DATA EXTRACT Start Marker

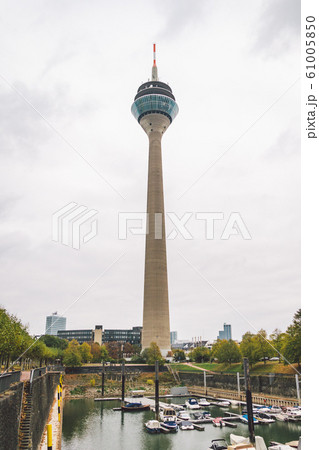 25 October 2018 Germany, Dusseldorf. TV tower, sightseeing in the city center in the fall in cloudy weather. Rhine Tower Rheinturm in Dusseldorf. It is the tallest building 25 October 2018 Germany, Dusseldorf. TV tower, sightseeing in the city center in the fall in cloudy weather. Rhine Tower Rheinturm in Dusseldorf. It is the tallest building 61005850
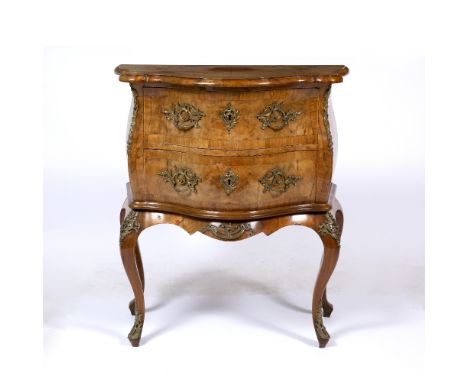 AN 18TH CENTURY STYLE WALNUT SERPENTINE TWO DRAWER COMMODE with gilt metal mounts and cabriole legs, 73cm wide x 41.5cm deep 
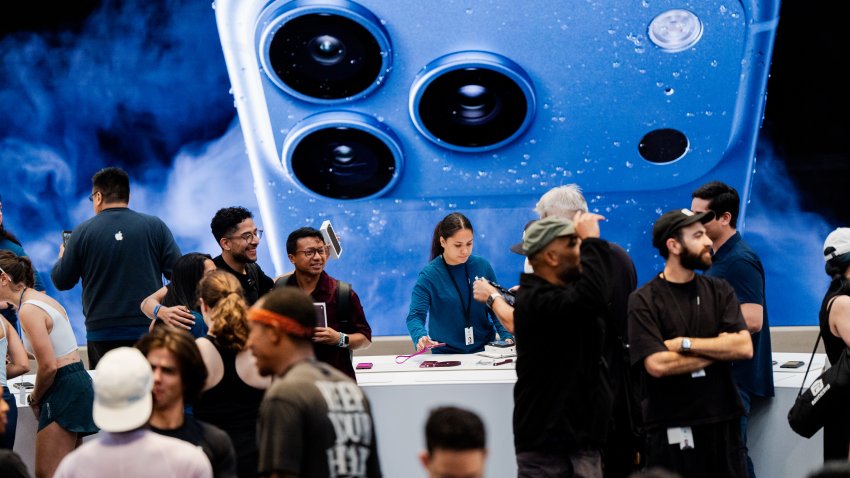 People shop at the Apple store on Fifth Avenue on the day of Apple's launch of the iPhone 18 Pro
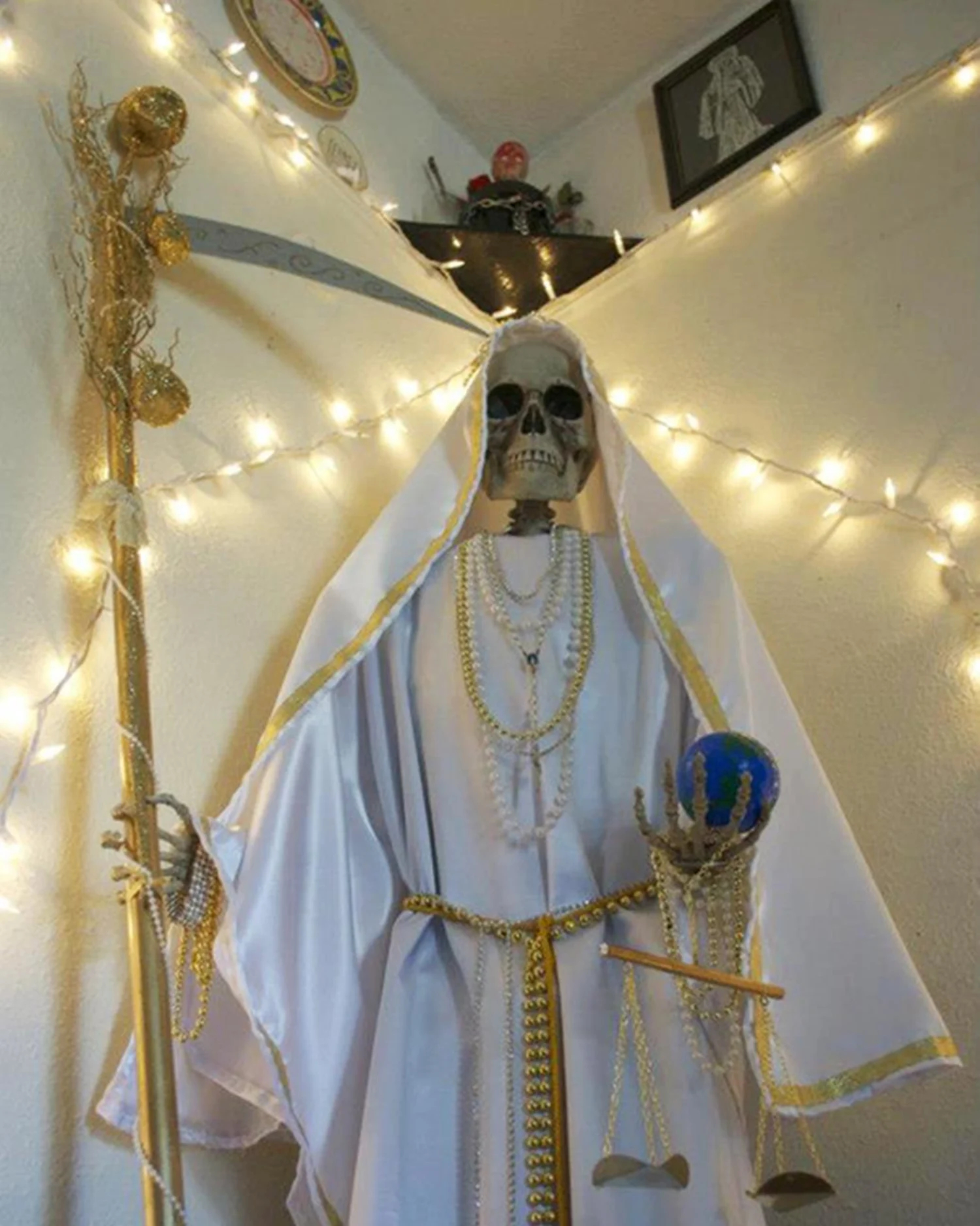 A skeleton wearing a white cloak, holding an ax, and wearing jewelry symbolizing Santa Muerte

DATA EXTRACT End Marker

* YOUR ASSIGNMENT *
Please make an exact copy of the whole listing and leave out its pictures.

* WRITTEN SOLUTION *
 25 October 2018 Germany, Dusseldorf. TV tower, sightseeing in the city center in the fall in cloudy weather. Rhine Tower Rheinturm in Dusseldorf. It is the tallest building 25 October 2018 Germany, Dusseldorf. TV tower, sightseeing in the city center in the fall in cloudy weather. Rhine Tower Rheinturm in Dusseldorf. It is the tallest building 61005850
 AN 18TH CENTURY STYLE WALNUT SERPENTINE TWO DRAWER COMMODE with gilt metal mounts and cabriole legs, 73cm wide x 41.5cm deep 
 People shop at the Apple store on Fifth Avenue on the day of Apple's launch of the iPhone 18 Pro
 A skeleton wearing a white cloak, holding an ax, and wearing jewelry symbolizing Santa Muerte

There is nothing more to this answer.